3- Geri dörtlü rakibe önde basması gerekirken sürekli geriye çekiliyor.Bekler ne defans ne de atak yönünde takıma bir katkı sağlıyor.
4- Takım içi huzursuzluklar var gibi görünüyor.Kanıt Arda'da.
5- Reijkard ve Nesskens takım düzeni ile çok oynuyorlar.Caner bir hafta bek, diğer hafta sol açık oynayabiliyor.
6- Bu böyle 20 maddeye kadar uzar.(Sıkıldım)

Kısaca bu takımdan bişey beklenmemeli diyeceğim ama bu da beni taraftar olarak çok üzüyor.G.Saray gibi bir takımdan birşey bekleyememek yanlışların büyüklüğünün yönetim kanadında olduğunu gösteriyor. Polat döneminde bir türlü beklenen ama izlenemeyen "göze hoş gelen futbol"  bu takım için bir ütopya haline geldi.Eğer böyle devam edilirse G.Saray takımını ve camiasını başarısızlıklarla dolu çok kötü günler bekliyor. Parasını alan alıyor,olan taraftara oluyor. Aslında "banane" demek lazım. Yazsak çok birşey mi değişecek sanki? Asıl sorgulanması gereken, bu takımda,G.Saray markasının büyüklüğüne uygun kapasitede kaç oyuncu var? Cevap oynanan futbolda saklı.

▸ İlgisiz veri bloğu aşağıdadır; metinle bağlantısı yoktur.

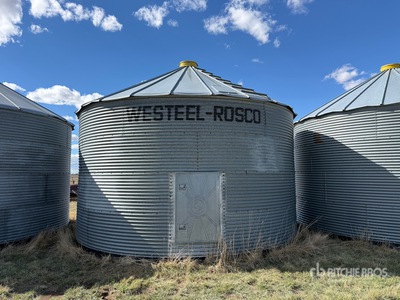 Westeel-Rosco +/- 3300 bu 4 Ring Grain Bin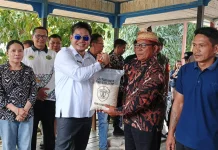 Pemkab Mahulu Salurkan Bantuan Pangan ke Long Apari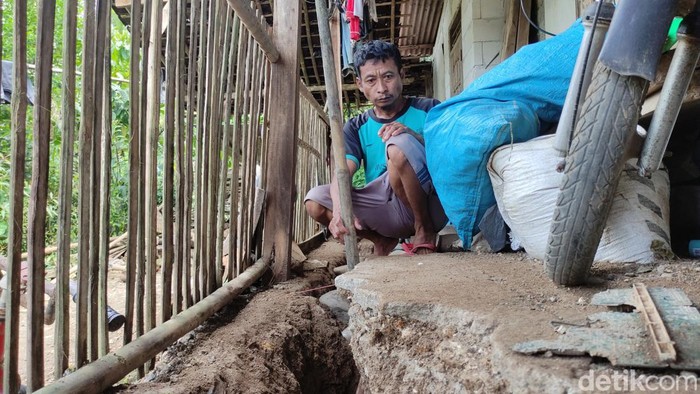Kondisi rumah warga Pacitan terkena tanah gerak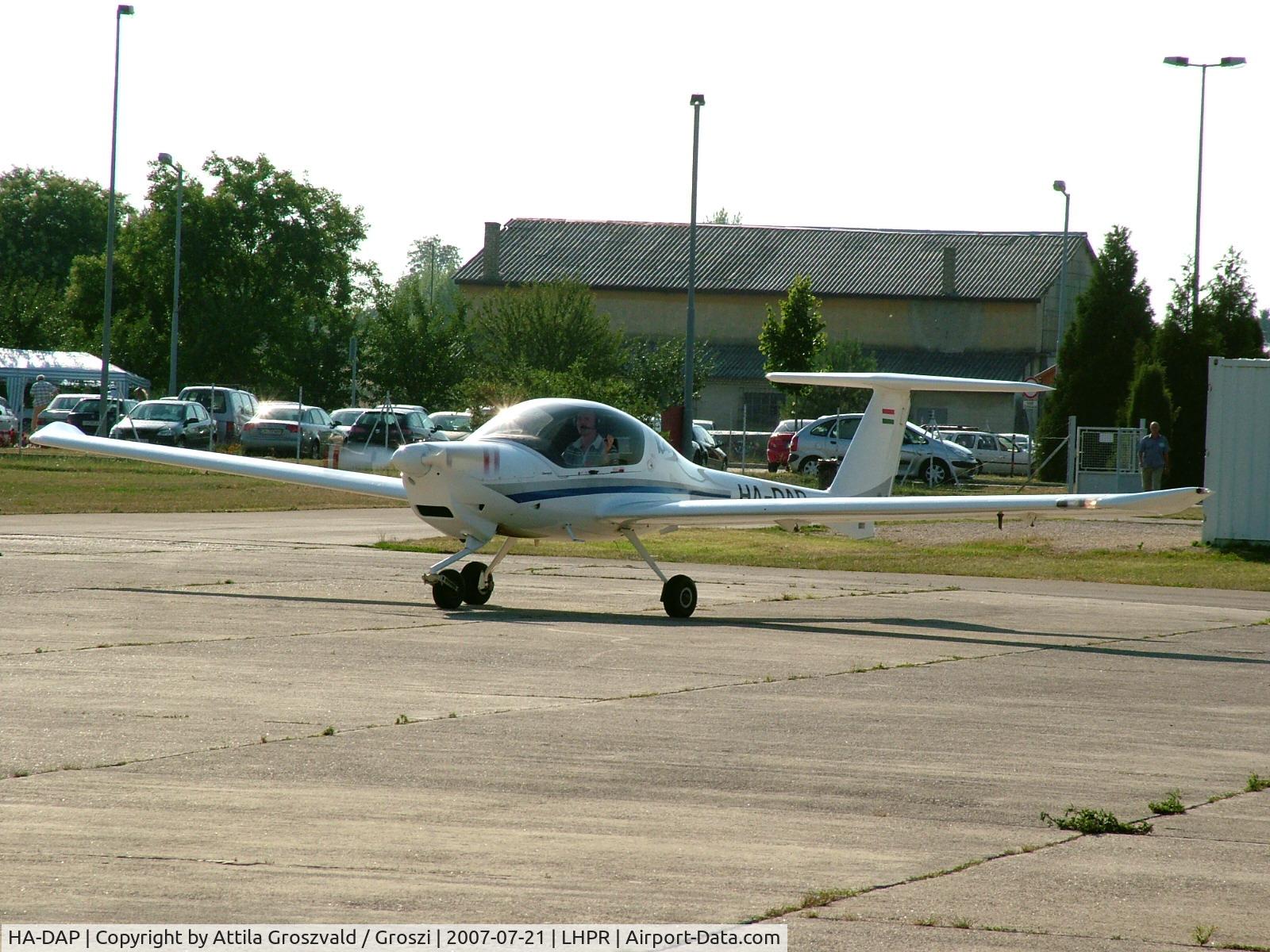 HA-DAP, 1998 Diamond DA-20A-1 Katana C/N 10326, ex N981FA. C-GKAX - GyÅ‘r-PÃ©r Airport, Airshow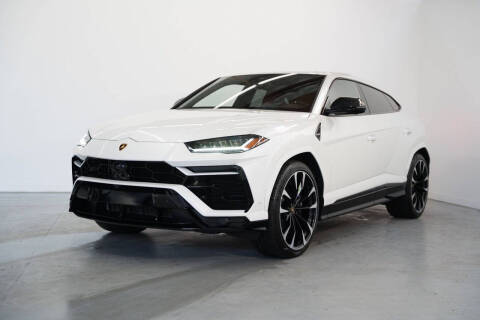 2022 Lamborghini Urus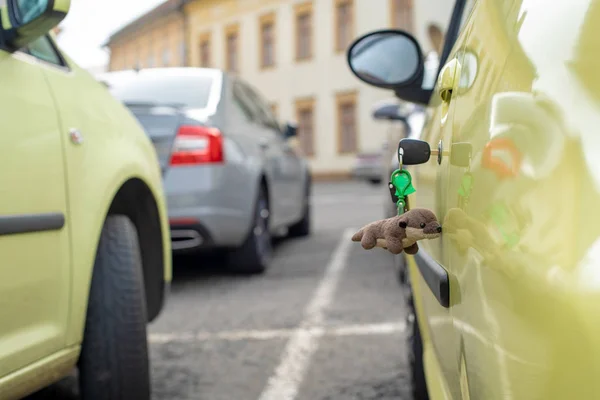 Забытые ключи в замке автомобиля, стоящего на парковке — стоковое фото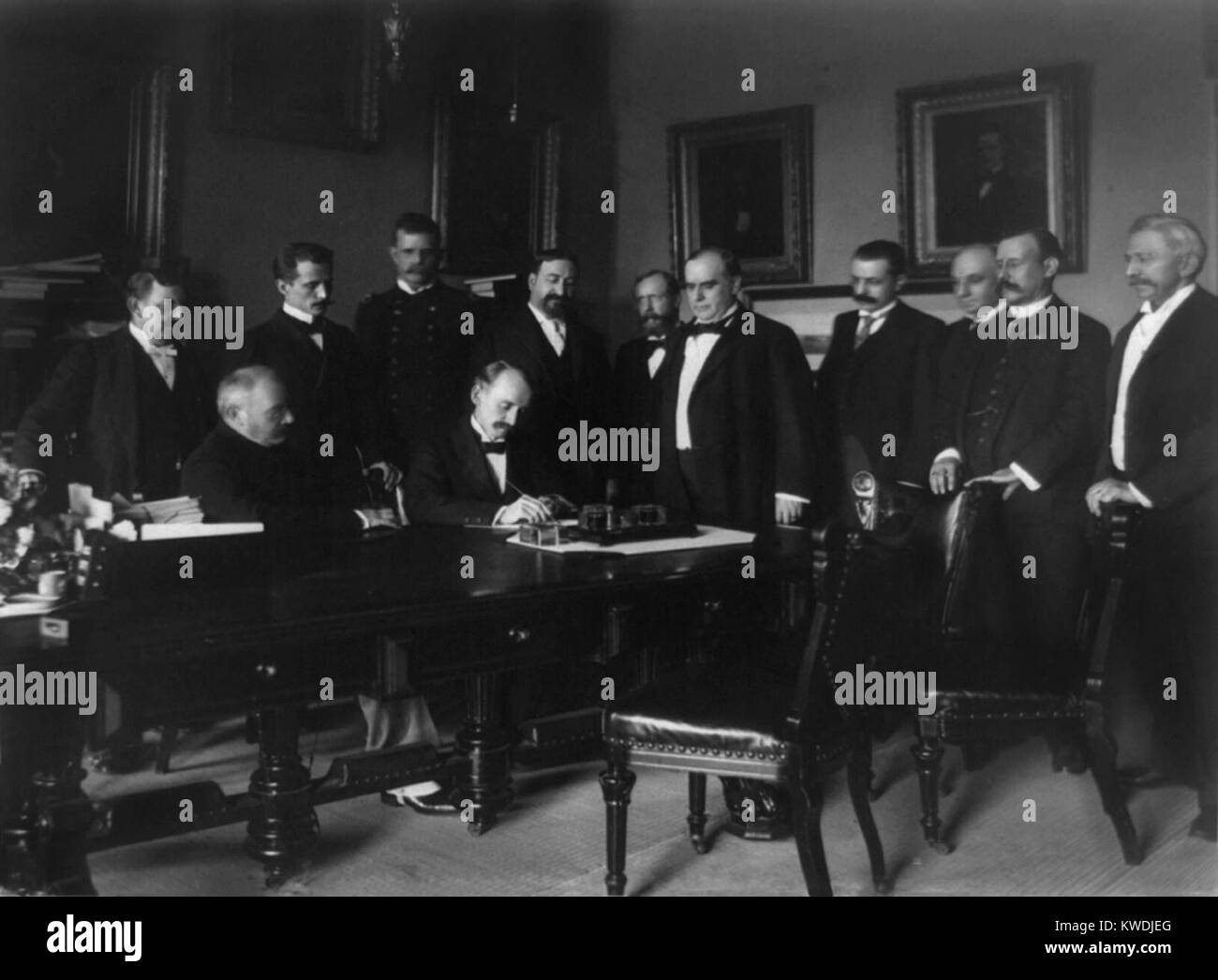 William R. Tag Unterzeichnung des Friedens Protokoll des Spanisch-Amerikanischen Krieges, am 12.08.1898. Präsident William McKinley steht 5. von rechts im Schaltschrank, White House, Washington, D.C. (BSLOC 2017 10 88) Stockfoto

Öngörüme gelicek olursak; bu futbola öngörü bile yapılmaz. Görünen köy klavuz istemez.
Niye uğraşıp bu kadar yazı yazıyorum ben de bilmiyorum.Kısaca bu futbola Değer mi?



1 Şubat 2010 Pazartesi

Tarlaya ektim soğan (!)

 


Ziraat Türkiye Kupası grup maçlarından biri olan Trabzonspor-Orduspor maçı bu sahada oynandı.
"Futbol'un marka değeri" dedikleri bu olsa gerek. 
Bu sahayı gören oyuncu bizde top oynamaya gelir mi?
veya hangi uluslararası firma bizim futbolumuza sponsor olur?